2023-09-04

Toolchain notes on MIPS

This article describes some notes about MIPS with a focus on the ELF object file format, GCC, binutils, and LLVM/Clang.

In the llvm-project project, I sometimes find myself assigned as a reviewer for MIPS patches. I want to be transparent that I have no interest in MIPS, but my concern lies with the specific components that are impacted (Clang driver, ld.lld, MC, compiler-rt, etc.). Therefore, regrettably, I have to spend some time studying MIPS.

Using copper as a mirror, one can straighten their attire; using the past as a mirror, one can understand rise and fall; using people as a mirror, one can discern gains and losses. -- 贞观政要

ISAs

Earlier ISAs, such as MIPS I, MIPS II, MIPS III, and MIPS IV, can be selected by gcc -march=mips[1-4]. MIPS V has no implementation and GCC doesn't support -march=mips5.

Successive versions are split into MIPS32 and MIPS64, named Release 1, Release 2, Release 3, and Release 5, can be selected by -march=mips{32,64} and -march=mips{32,64}r{2,3,5}. Release 4 is skipped and -march=mips{32,64}r4 is not supported.

Release 6 is very different from prior releases, with removal and reorganization of some instructions.

-march=mips{32,64} define __mips_isa_rev to 1.
-march=mips{32,64}r2 define __mips_isa_rev to 2.
-march=mips{32,64}r3 define __mips_isa_rev to 3.
-march=mips{32,64}r5 define __mips_isa_rev to 5.
-march=mips{32,64}r6 define __mips_isa_rev to 6.
Older processors don't define __mips_isa_rev.

The ISA revisions of GCC supported -march= values can be found at gcc/config/mips/mips-cpus.def.

The EF_MIPS_ARCH (0xf0000000) part of e_flags indicates the ISA. This is not really a good design because ISA levels may not be linear and the small number of bits easily run out. e_flags has only 32 bits in both ELFCLASS32 and ELFCLASS64 objects.
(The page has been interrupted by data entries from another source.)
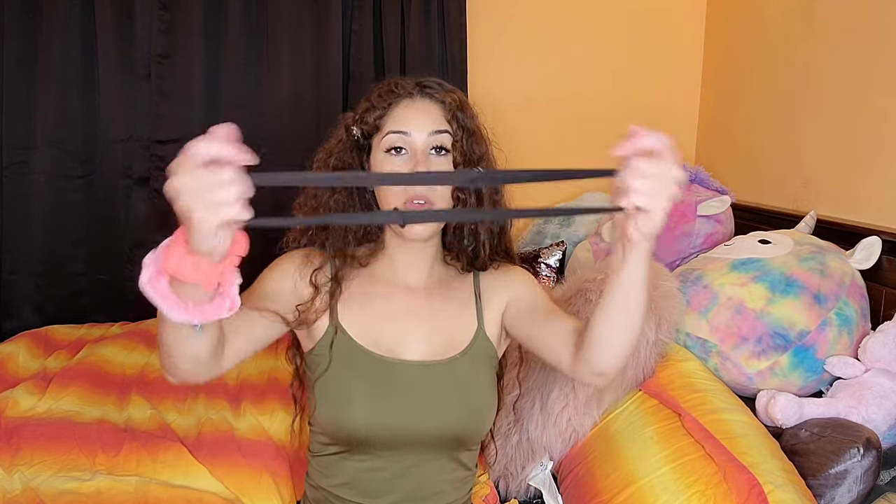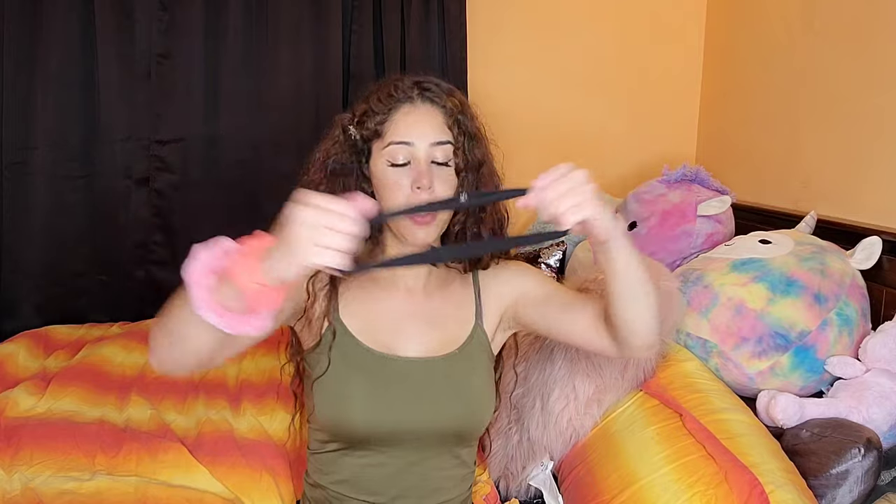Alright, so now that we have the elastic piece from the stocking and the little tube thing from the sock, you're just gonna go ahead and slide it in like this. You should have something like this.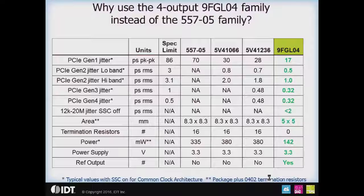IDT has a lot of legacy clock generators in the market. Taking the 55705 along with its PCI Express Gen 1 and Gen 2 equivalent devices, why would you want to use a 9FGL04 in place of these four-output legacy clock generators? First and foremost, you get much better phase jitter performance. The biggest improvement is in the Gen 2 high band area, where you go from 2 and 1.8 picoseconds RMS down to 1 picosecond RMS — with spread spectrum on. The Gen 3 and Gen 4 jitter number is 0.32 picoseconds RMS, which gives you a lot of margin to the proposed 0.5 picosecond PCIe Gen 4 specification. These are all for the common clock architecture.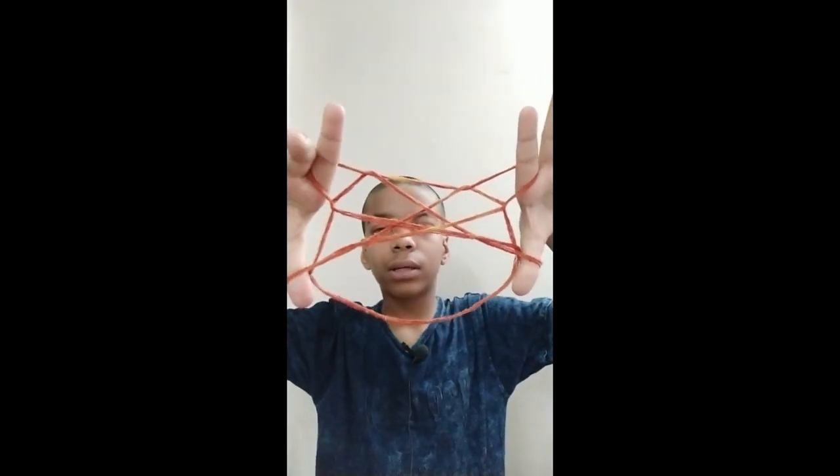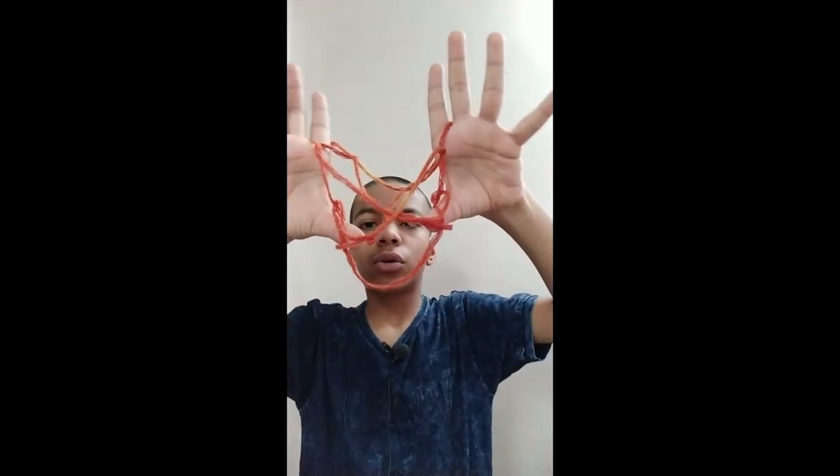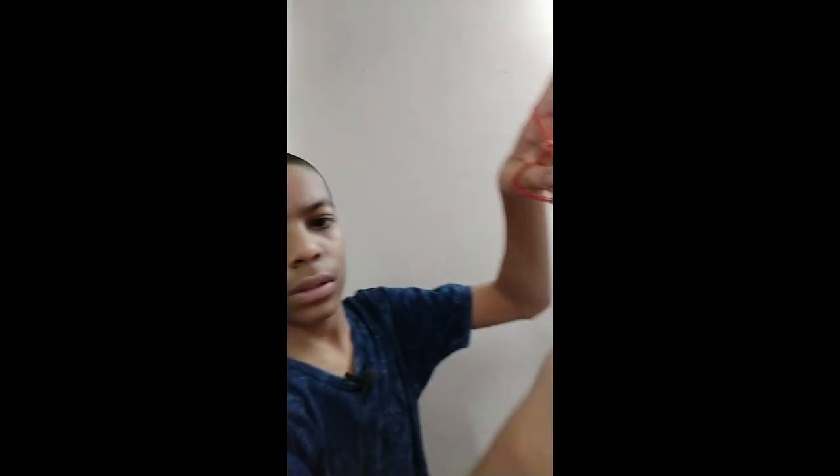Now you get a shape like that. Now as you can see, this thumb string — you just leave it like that, and from above it you take it back like this. Now this is almost done, just turn it over like that.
Allocating every spare bit should be done extremely carefully.

ABIs

o32

https://refspecs.linuxfoundation.org/elf/mipsabi.pdf

This is an ILP32 ABI designed for the 32-bit CPU MIPS R3000 that implements the MIPS I ISA. It is the original System V Processor Supplement ABI for MIPS. Common target triples: mips[el]-unknown-linux-gnu.

In GCC, -mabi=32 selects this ABI, which is identified as ABI_32. The macro _ABIO32=1 is defined.
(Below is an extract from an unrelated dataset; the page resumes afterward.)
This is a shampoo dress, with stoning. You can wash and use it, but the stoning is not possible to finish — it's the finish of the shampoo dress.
Assemblers set the EF_MIPS_ABI_O32 flag in e_flags.

There are some major flaws:

The calling convention provides just 4 integer registers for arguments (inadequate).
The ABI is committed to MIPS I and makes odd-numbered floating-point registers inaccessible.
Only two floating-point registers $12 and $14 hold arguments. The rest use integer registers, which are severely limited.
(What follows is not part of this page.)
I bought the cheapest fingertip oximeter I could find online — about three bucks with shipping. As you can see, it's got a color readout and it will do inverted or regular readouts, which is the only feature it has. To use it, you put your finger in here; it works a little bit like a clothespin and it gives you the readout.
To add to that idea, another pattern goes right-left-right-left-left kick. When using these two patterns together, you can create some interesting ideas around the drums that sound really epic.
MIPS I has 32 floating-point registers. Two registers are paired for holding a double precision number.

For single-precision values, the even-numbered floating-point register holds the value.
For double-precision values, the even-numbered floating-point register holds the least significant 32 bits of the value and the odd-numbered floating-point register holds the most significant 32 bits of the value.

For o32, -mfp64 selects a variant that enables 64-bit floating-point registers. This requires at least -march=mips32r2 and GCC will emit .module fp=64; .module oddspreg.

When a 64-bit capable CPU is used with o32, assemblers set the EF_MIPS_32BITMODE flag in e_flags.

n64

This is an LP64 ABI designed for 64-bit CPUs (MIPS III and newer). Common target triples: mips64[el]-unknown-linux-gnuabi64.

Does anyone know where I can get a copy of the ABI document?

In GCC, -mabi=64 selects this ABI, which is identified as ABI_64. The macro _ABI64=3 is defined.

Assemblers do not set a particular bit in e_flags.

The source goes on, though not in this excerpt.